We are glad for the predicament we have had in common – more than ever, more serious than ever – and the empathy and consolation that has come from that. We have learned how those we met, like the characters in stories, are coping with what they have had to face. How their hand of cards is different from ours but they have tried to play it against much bigger odds

In 1348 at the height of the Black Death, ten young people left plague-stricken Florence to find refuge in the hills and tell each other stories. The result was Boccaccio’s Decameron. Did these young people really exist? It doesn’t matter. We get to know them as they do each other. Their stories open up yet other lives into which we can glimpse deeply. 

In 2022 we thought to create a chance for ten or more of you to leave the places of your lockdown, come to the sea, and, in the company of others for a few days, share stories by Boccaccio and others, meet their characters in passing, and be left with the energy, empathy, consolation and company they offer us now, when we need good human top-ups of every sort and can get our hope replenished all over again.

What stories can do for us

In his poem ‘Musée Des Beaux Arts’, W H Auden writes that when something momentous is happening, like Icarus falling into the sea, people don’t pay attention to it for long. If at all.

Those of us who love short stories are much less likely to look away. Our eye is often compelled by the sight of someone larger or smaller than life, or by a place or event which seems to be posing a question.
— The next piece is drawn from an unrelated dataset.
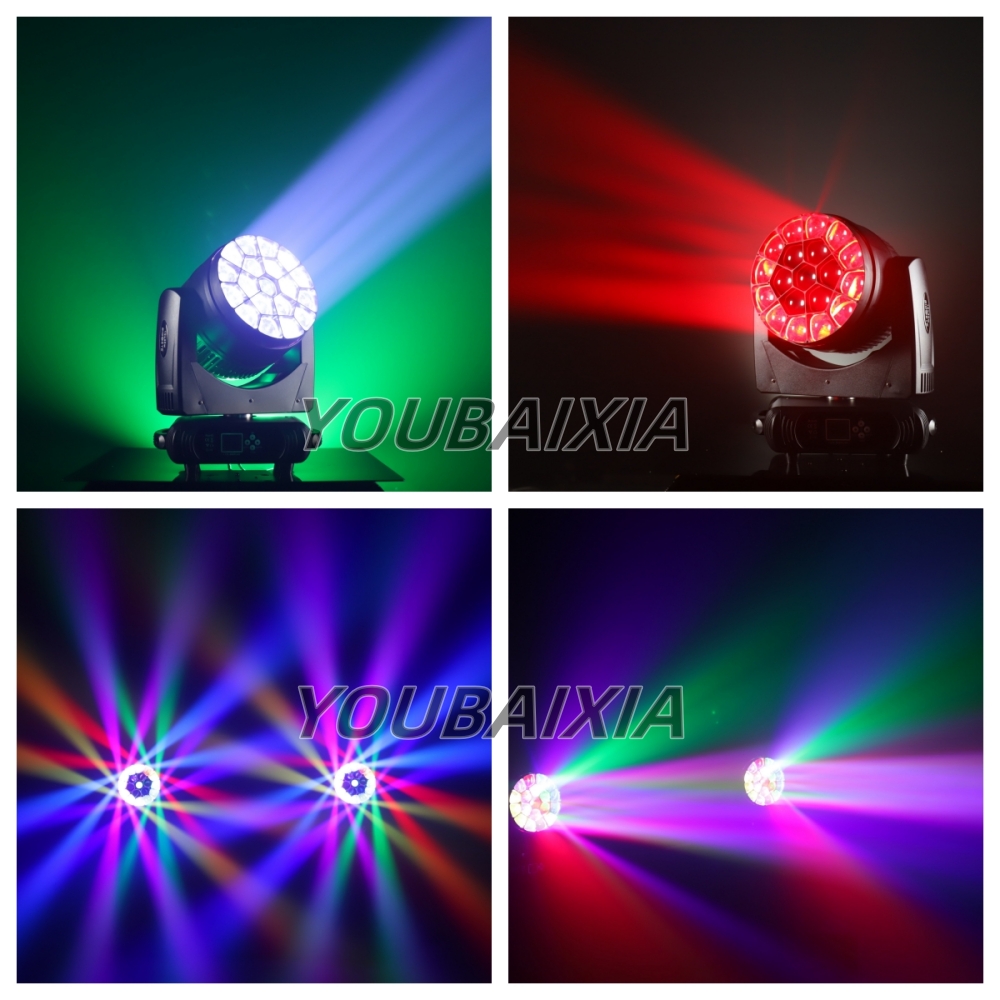 2PZ/LED Strahl + Waschen Große Bienen Augen 19x40W RGBW Zoom Moving Head Beleuchtung DJ Disco bühne Effekt Ausrüstung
Then we want to know more, much more, everything in fact – to follow these people, hang about in these places, gate-crash these events, and be there for what happens next.

That is why we want to read short stories, simply because doing so is like being able to walk invisibly into the somewhat mysterious lives of oddly irresistible human beings, often at knife-edge moments in their lives, and stay alongside them for an hour or a day, until they vanish off a final page we can’t believe is the end. Yet this is all part of the pleasure.

What Will Happen

Time To Read – Short Stories will be a chance to read by ourselves and talk together about some of the best of these stories while relaxing in a restful house by the sea. It is designed to appeal to readers and writers of short stories alike.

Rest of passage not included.